# Need sub-work in Lincoln, Nebraska



## emark6 (Nov 16, 2005)

I am attending college at the University of Nebraska at Lincoln and need some plow work here in town. I own a Ford F-350 with a Boss straight blade. I have three years of commercial plowing experience in the Omaha area ranging from Business lots to condo developments and apartments. Please let me know.


----------



## PowerWagon (Aug 31, 2006)

you could run a AD in paper it be lot better find them in linclon.. 

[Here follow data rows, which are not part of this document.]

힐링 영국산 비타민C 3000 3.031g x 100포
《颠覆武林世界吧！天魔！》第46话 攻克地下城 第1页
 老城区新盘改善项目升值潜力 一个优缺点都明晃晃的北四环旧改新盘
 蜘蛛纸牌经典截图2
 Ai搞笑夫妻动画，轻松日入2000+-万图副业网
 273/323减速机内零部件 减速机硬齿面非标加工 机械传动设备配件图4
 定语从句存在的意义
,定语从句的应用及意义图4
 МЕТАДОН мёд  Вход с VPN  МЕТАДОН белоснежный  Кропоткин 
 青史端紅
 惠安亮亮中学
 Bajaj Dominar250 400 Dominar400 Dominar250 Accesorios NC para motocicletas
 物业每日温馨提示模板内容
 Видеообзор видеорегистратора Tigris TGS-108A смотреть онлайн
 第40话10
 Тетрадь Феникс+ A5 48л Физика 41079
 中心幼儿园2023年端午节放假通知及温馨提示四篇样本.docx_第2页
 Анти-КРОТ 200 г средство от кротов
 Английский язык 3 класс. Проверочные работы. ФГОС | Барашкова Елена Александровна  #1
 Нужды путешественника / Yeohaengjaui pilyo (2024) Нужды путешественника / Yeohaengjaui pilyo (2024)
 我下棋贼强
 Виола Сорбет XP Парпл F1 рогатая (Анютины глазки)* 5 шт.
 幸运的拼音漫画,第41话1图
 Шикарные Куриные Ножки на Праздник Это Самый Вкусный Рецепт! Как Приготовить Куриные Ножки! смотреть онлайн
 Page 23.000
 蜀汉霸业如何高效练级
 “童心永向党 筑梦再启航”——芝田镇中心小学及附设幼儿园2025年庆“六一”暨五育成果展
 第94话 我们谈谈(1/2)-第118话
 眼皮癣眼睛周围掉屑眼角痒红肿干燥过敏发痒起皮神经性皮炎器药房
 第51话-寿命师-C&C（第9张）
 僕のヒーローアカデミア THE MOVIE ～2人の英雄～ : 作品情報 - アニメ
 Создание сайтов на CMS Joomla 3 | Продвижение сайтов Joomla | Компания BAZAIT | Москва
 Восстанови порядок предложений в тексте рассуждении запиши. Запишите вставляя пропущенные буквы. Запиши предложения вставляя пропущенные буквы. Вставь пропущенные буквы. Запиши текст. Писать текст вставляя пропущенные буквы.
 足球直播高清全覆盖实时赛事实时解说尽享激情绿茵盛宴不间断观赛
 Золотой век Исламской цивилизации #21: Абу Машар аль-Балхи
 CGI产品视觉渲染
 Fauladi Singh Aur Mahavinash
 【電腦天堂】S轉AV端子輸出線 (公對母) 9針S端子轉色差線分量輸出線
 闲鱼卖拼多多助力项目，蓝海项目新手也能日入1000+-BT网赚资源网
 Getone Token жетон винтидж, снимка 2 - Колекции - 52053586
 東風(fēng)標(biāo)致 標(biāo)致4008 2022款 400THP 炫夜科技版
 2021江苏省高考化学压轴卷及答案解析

WE need a BIG SNOW STORM IN NEBRASKA!! :redbounce


----------



## AJ Watson (Jan 15, 2006)

*go a couple places*

Give me a call 402-706-0036 or [email protected]. I went to school there 5 years just graduated. I have two apartment complexes you should bid.

later
aj


----------



## emark6 (Nov 16, 2005)

*thanks*

Thanks for the recomendation, but i decided to go back with sub-contracting with the same company as last year. It is well worth the money for the 45 min drive.


----------



## AJ Watson (Jan 15, 2006)

*AJ's Landscaping*

Are you looking for work this summer. I saw you are going for a landscaping degree. I'm looking to hire someone with experience in landscaping to run my crew and can do drawings. Let me know if you are interested or if anyone else in the landscaping design college needs a summer job in Omaha.

Thanks
AJ


----------